Unsurprisingly, Nanna and my daughter have a very close bond now too. They spend one day a week together still and adore each other, I’m so happy they get to have this relationship, it’s beautiful. Mum will always be missing but I do appreciate what’s present so very much.
Going back in time, Nanna’s nursed so many people through ill health, including terminal illnesses during her life. As well as that, she’s helped most of our family through grief and tragedy and rarely indulges self-pity. She’s quite literally a machine of generosity and willingness to always help others.
Because of all this life experience and her wonderful nature, Nanna always has a story to tell. Her laugh is also the most infectious I’ve ever heard.
By contrast to Nanna’s busy childhood, Mam was an only child. She lost her dad aged 21 after an industrial accident and her own mother suffered severe mental health issues after her husband’s death and she was often unable to leave the house. So, aged 21, Mam became her mum’s carer and continued in that role for the rest of her mother’s life. Mam was always sacrificing for other people. She’d never put her own needs first and was one of the kindest women to walk this earth.
Once, we went away on a London theatre break together and ended up in the same hotel as an international sports team. Mam had no clue who she was flirting away with while nervously trying to make conversation!
Another time, we went on a coach trip to York. The coach dropped us in a really obscure location and said we’d be picked up at the same place later that day. Of course, we got lost and were horribly late! Me and nanna spent the whole time trying to find the pick-up point; constructing an elaborate excuse for our lateness so we didn’t have to admit our rubbish bearings! We were so proud of our cover-up work and then it all got blown out of the water by my Mam loudly announcing the second she set foot on the coach full of cheesed off pensioners, “we got lost!”
We laughed all the way home about that. Nobody else did though!
Fundraising’s been part of my life for many years but never more so than since we lost Mam. I've done many events in her memory and this year I'm taking on my biggest challenge yet – The Great North Run - a half marathon, and I’m not built for running! I know it's going to hurt but I think of the pain Mam must’ve suffered in her final weeks and I think, well, at least I’ll still be alive at the end of this. If she could endure that pain, I can endure this.

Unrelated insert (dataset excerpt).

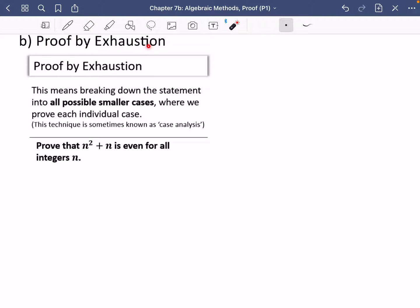Proof by exhaustion is the second type of proof we're going to look at here, and it tends to be the more common one asked in exams. When you think of the word exhaustion, we tend to think of it meaning tired, but actually 'exhausted' means you've tried all of the different things — you've gone through all possible options. This means breaking down a statement into all possible smaller cases and proving each individual case. This technique is sometimes known as case analysis.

I've had a lot of difficult times in my life, and couldn't have got through them without Mam. Sometimes, I don't know how I do it now Mam isn't here anymore. People tell me I'm a very strong person but I don't think I am, I’m just determined not to let my Mam down.
If I can achieve being half as good a Mum to my daughter as Mam was to me, nothing else in life comes close. I wish Megan and my Mam could’ve met each other but maybe, hopefully, she’s here with us sometimes in a different way.
Unfortunately, after the death of her mother 15 years ago, Mam and the rest of her family became estranged. She never got over the loss of those family relationships (and I don’t think I ever will either). However, the silver lining on the cloud is that the already wonderful bond Mam had with her mother in law, wonderful Nanna Meg, strengthened even more and their incredible relationship become the foundation that supports me today and gives me so many precious memories.
On a Saturday, me, Mam and Nanna used to have a weekly day out. We’d go round the shops, then for lunch then for cake and coffee along the way home.
These simple days were the best times.